I had paged my friend Bridget about the situation, partly to rant, but also knowing the only chance I had to get new keys was to go to Debbie's work, take her keys and make copies. Problem was, I was AN HOUR from her work. I called the office to let them know what was going on...gasps and laughter in the background...and it was strongly suggested that I don't accept the ride from the valet manager. After all, I don't know the guy, not to mention spending 2 hours in a car with someone I want to strangle probably isn't a good idea. Nobody I know can afford the bail.

Bridget came and we drove the hour to Debbie's work, got the keys made and bought 2 new remotes, for a total of $168. We went back down to the hospital and when we arrived, were told that the person who mistakenly drove off with my keys called. They will pick them up tonight (last night). I simply handed the manager the $168 bill. He called the main office in Hartford, I filled out an incident report, and finally left that fucking hospital. Needless to say, the valet guys are not getting my keys again.

Sunday, April 23, 2006

Jane Goodall

Wow, can it really be a month since I last posted? Bad blogger, bad blogger. I shall have to mend my delinquent ways.

I've spent the weekend, well, much of it anyway, with a group of university and high school students at the annual
Roots and Shoots University Summit. These kids are awesome! If you're ever jaded by the youth of this country and wonder what can become of the future, attend some of the Roots and Shoots events. They will most certainly brighten your day. The energy and enthusiasm these kids have when it comes to the environment, cultures, communities and how they all intertwine is really incredible. They get it. I mean they really get it.

I also love that, thanks to my dear friend (he's the one with the mic)
Rick Asselta, I'm involved with the program. I'm going to be writing a piece for their handbook on how to include people with disabilities in their meetings and events and I have already been approached by 3 people at the conference about traveling to their school to do some training and advisory work. I'm hoping this can be a launching pad for a second career doing access work, something I've been toying with for quite a while. I've been doing it on a volunteer basis for years, it's about time I earned some money.
Jane Goodall, as usual, came as well. She is an amazing woman and has such a peaceful, gentle spirit. Despite being hounded for autographs and pictures with her wherever she goes, she maintains her grace and dignity. I never understood people's need for autographs. Frankly, if it's not on a blank check, I don't have much use for someone's autograph. I'm more impressed with how a person lives their life, not how famous or rich they are. But I digress.

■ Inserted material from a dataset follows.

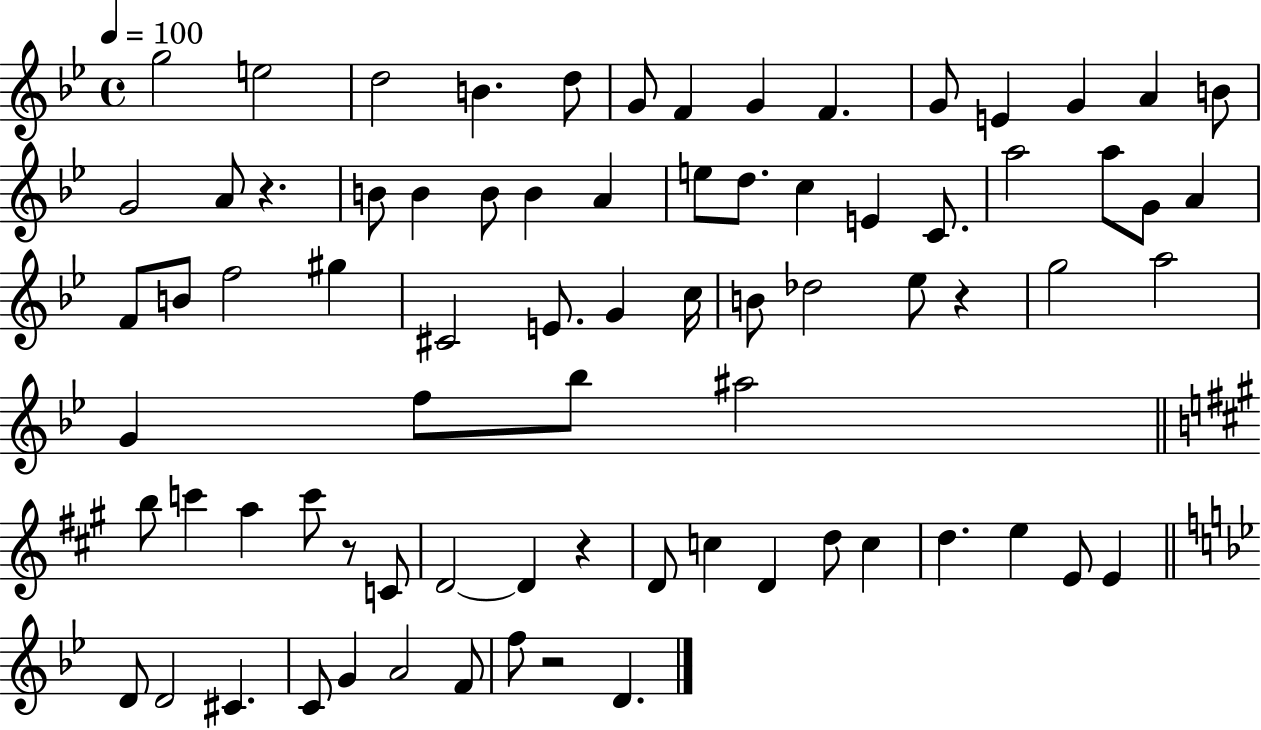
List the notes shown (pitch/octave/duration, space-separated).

So, bottom line is that I had a wonderful time learning from and with the kids, meeting new people and seeing old friends. I only wish I could spend more time with Jane while she's here. Perhaps another time.

Thursday, March 23, 2006

Bubblicious

I love blowing bubbles, not the bubble gum kind, those are fun but sticky, but the soap and water, bottle-of-bubbles-with-the-magic-wand type. I especially love blowing them out the car window when I'm stuck in traffic. It helps alleviate my stress about the traffic, it probably helps the folks behind me do the same, it's environmentally safe and it's damn fun to boot. And hey, the worst that happens, if you spill it, you get clean all over you (thanks to my sister's sister-in-law for that quote). I've also decided that it's impossible to be angry when you're blowing bubbles.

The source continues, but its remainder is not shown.